ゴマ一粒がつまめる箸のポテンシャルに驚く

「箸は箸先で使いやすさが7割決まる。箸先を良く創ることが、お箸の良さを左右する」と北村さん。「まずは食事用の箸で使い心地を感じてください」と小皿に入ったゴマをつまむことに。できのるか?できるのか?不安で手先が震える。カメラが後ろで待ち構えている。そんな緊張感もよそに、ゴマが箸先にピタっと吸い付くようにつまめた。取材スタッフから「おぉお!」と驚きの声が出た。本当に余計な力がいらないのだ、指先が精巧なピンセットになったような感覚だった。箸先を良く創ることとは、こういうことなのかと感動したのだ。

箸先へのこだわりはいい素材・いい部位を選んでこそ

先端が細いお箸は、つまみやすく唇に触れる面積も少ないから口当たりが良くなる。ちょうど薄いワイングラスの方がワインそのものを美味しく味わえるのと同じだとお聴きした。
昔一度、ライターの師匠ともいえる方に高級なワインバーに連れてもらったことがある。グラスが薄いほど、唇に触れる部分が少なく繊細な味を舌でキャッチできると言われたことを思い出した。ワイングラスは成人していないと使う機会がないが、お箸は違う。老若男女問わず、日々使う暮らしの道具だ。毎日を美味しく感じられるなら、これほど値打ちのある商品は他にないだろう。北村さんの材料選定の目は非常に厳しい。これほど細い箸先を創るならば、簡単に折れてはならない。だからこそ、銘竹や銘木を選ぶ際にも、その硬さを徹底して吟味しているのだ。

期待が膨らむこだわりの菜箸

京都おはし工房のメイン商品は食事用の箸であるが、菜箸にも一定のニーズがある。プロも購入するまさに専門道具でもあるのだ。菜箸は食事用の箸よりも先端をほんの少し太く仕上げている。
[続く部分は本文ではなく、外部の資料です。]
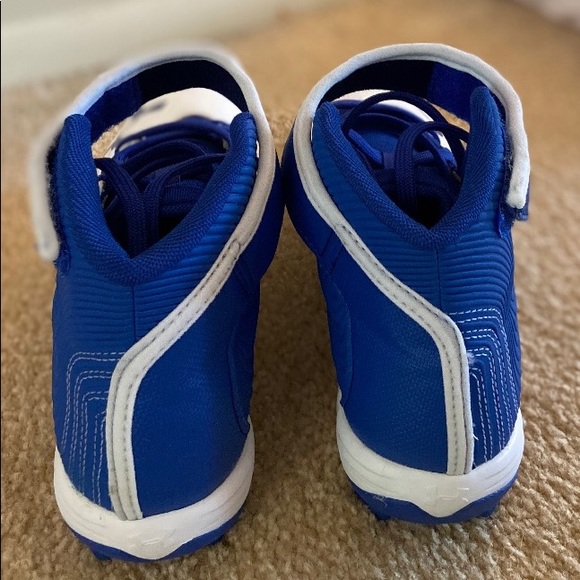 Under Armour Baseball Cleats - Picture 2 of 4
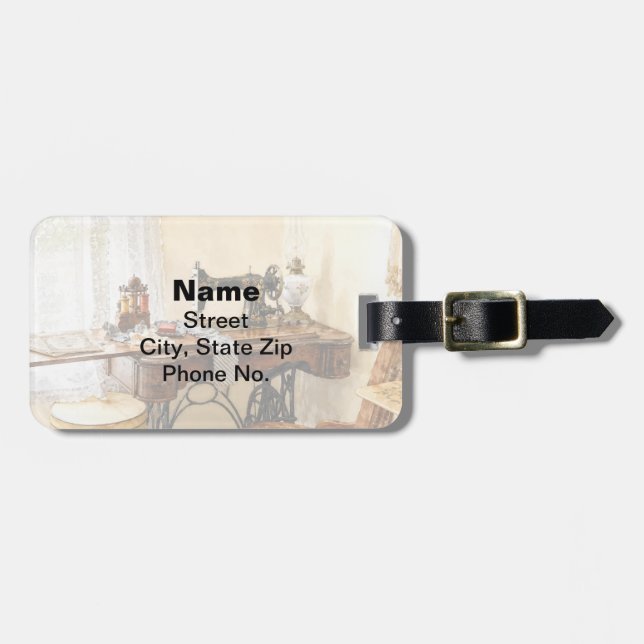 Sewing Machine and Thread Carousel Luggage Tag (Front Horizontal)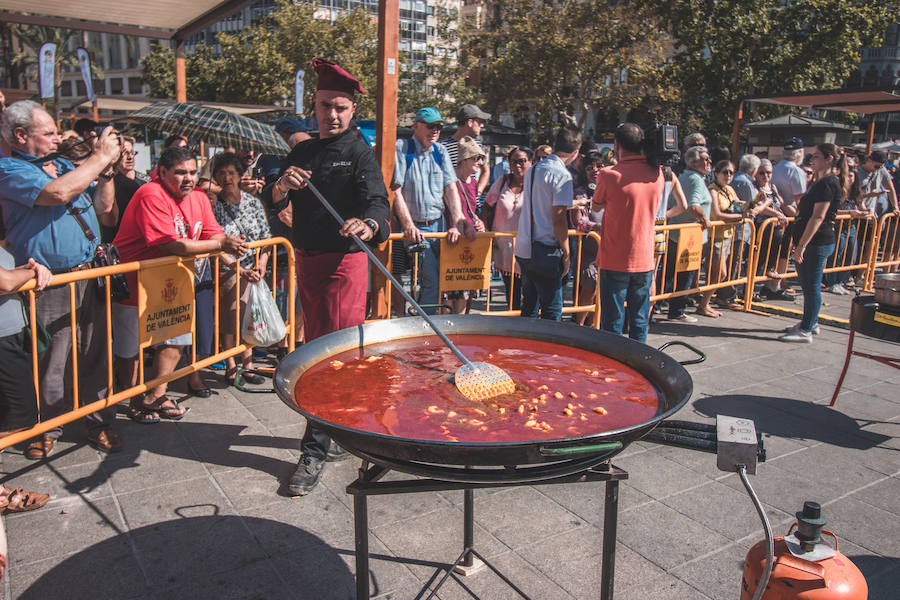 El Día Mundial de la Paella se ha celebrado en la plaza del Ayuntamiento de Valencia con una degustación de 9 paellas diferentes. El World Paella Day pretende dar prestigio a uno de los platos más conocidos de la gastronomía de todo el mundo y proyectar la ciudad de Valencia como destino turístico internacional.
それは、ハードユースを想定して耐久性を高めているから。また一般的な菜箸が尺一寸(約33cm)を踏襲しているのに対して、こちらでは30cmと27cmと少し短い。「尺一寸だと反りやすく、また手の小さい女性には長すぎて扱いにくい」と北村さん。菜箸の一般的なサイズ感にも、目を光らせ疑問に思ったら試して改善する。それは単に職人魂だけでなく、生活者としての視点からも評価しているのだと感じた。

菜箸の素材は京都産の真竹、それには訳がある

耐久性と使い勝手の良さを追及した、京都おはし工房の菜箸。取り扱っている菜箸のなかでも「白竹菜箸」「二刀流菜箸」は京都産の真竹を使用。京都独特の盆地地形により、夏冬の温度差が激しくなり、竹がギュッと良く締まり粘りがあるとのこと。この真竹を炭火であぶって油抜きしたのが「白竹」。強度・耐久性がさらに増し、先がへたりにくくなっているのだ。道具を少々雑に扱いがちな私だが、丈夫さとは雑に扱うためではなく、永く使ってもらうためだと取材を通じて反省したのであった。

格好良く作ることは美味しく作ることでもある

これは格好良く、しかも美味しい卵焼きが創れそうだと、期待が膨らむ。そもそも格好良く料理ができるというのは、無駄のない動きができるということに通じていると思う。無駄のない動きというのは料理の基本ではないか、とよく思うのだ。白竹菜箸を手に取ってみると、「使ってもらってこそのお箸」という北村さんの熱い想いが伝わる。その想いのなかから道具としての使命のようなものも同時に感じる。最高の道具を側におくことは自分自身も高めてくれる、取材から帰ったらすぐ卵焼きをつくる、晩酌のお供だ。そんな高揚感に包まれて、明日も実のある文章を書いて、知らなかったことを伝える「はし」渡しをするのだ。嵐電に揺られて帰る私の足取りはひときわ軽い。帰りに京都駅のデパ地下で、ちょっといい日本酒を買って帰るとしよう。